Adding columns to a table, Dropping columns from a table, Changing the name and type of a column or Altering a Table using Hue. So, in this article on Impala Alter Table Statement, we will discuss all of them. Also, we will include syntax and example to understand it well.

Introduction to Impala Alter Table Statement?

While we need to change the structure or properties of an existing Impala table, we use Impala Alter Table Statement.

Basically, there is a primarily a logical operation that updates the table metadata in the Metastore database that Impala shares with Hive, in Impala. However, we can say most ALTER TABLE operations do not actually rewrite, move, and so on the actual data files.

Although, the one exception is The RENAME TO clause it can cause HDFS files to be moved to different paths.

Also, we typically need to perform corresponding physical filesystem operations, whenever we do an ALTER TABLE operation. Like rewriting the data files to include extra fields, or converting them to a different file format.

To be very specific, to perform changes on a given table, we use Impala Alter table statement. In addition, we can add, delete, or modify columns in an existing table and we can also rename it, using this statement.

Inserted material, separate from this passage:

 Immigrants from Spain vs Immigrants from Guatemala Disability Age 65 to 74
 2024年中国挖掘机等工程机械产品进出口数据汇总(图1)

Syntax of Impala Alter Table Statements

So, the syntax for using Impala Alter Table Statement is-

ALTER TABLE [old_db_name.]old_table_name RENAME TO [new_db_name.]new_table_name
ALTER TABLE name ADD COLUMNS (col_spec[, col_spec ...])
ALTER TABLE name DROP [COLUMN] column_name
ALTER TABLE name CHANGE column_name new_name new_type
ALTER TABLE name REPLACE COLUMNS (col_spec[, col_spec ...])
ALTER TABLE name { ADD [IF NOT EXISTS] | DROP [IF EXISTS] } PARTITION (partition_spec) [PURGE]
ALTER TABLE name RECOVER PARTITIONS
ALTER TABLE name [PARTITION (partition_spec)]
 SET { FILEFORMAT file_format
 | LOCATION 'hdfs_path_of_directory'
 | TBLPROPERTIES (table_properties)
 | SERDEPROPERTIES (serde_properties) }
ALTER TABLE name colname
 ('statsKey'='val, ...)
statsKey ::= numDVs | numNulls | avgSize | maxSize
ALTER TABLE name [PARTITION (partition_spec)] SET { CACHED IN 'pool_name' [WITH REPLICATION = integer] | UNCACHED }
new_name ::= [new_database.]new_table_name
col_spec ::= col_name type_name
partition_spec ::= partition_col=constant_value
table_properties ::= 'name'='value'[, 'name'='value' ...]
serde_properties ::= 'name'='value'[, 'name'='value' ...]
file_format ::= { PARQUET | TEXTFILE | RCFILE | SEQUENCEFILE | AVRO }

Statement type

Impala Alter Table Statement is of DDL Type.

Usage of Impala Alter Table Statements

Let me now talk about the usage of Impala Alter Table Statement. Make sure to include all the partitioning columns in the specification, while we specify partitions in an ALTER TABLE statement, through the PARTITION (partition_spec) clause.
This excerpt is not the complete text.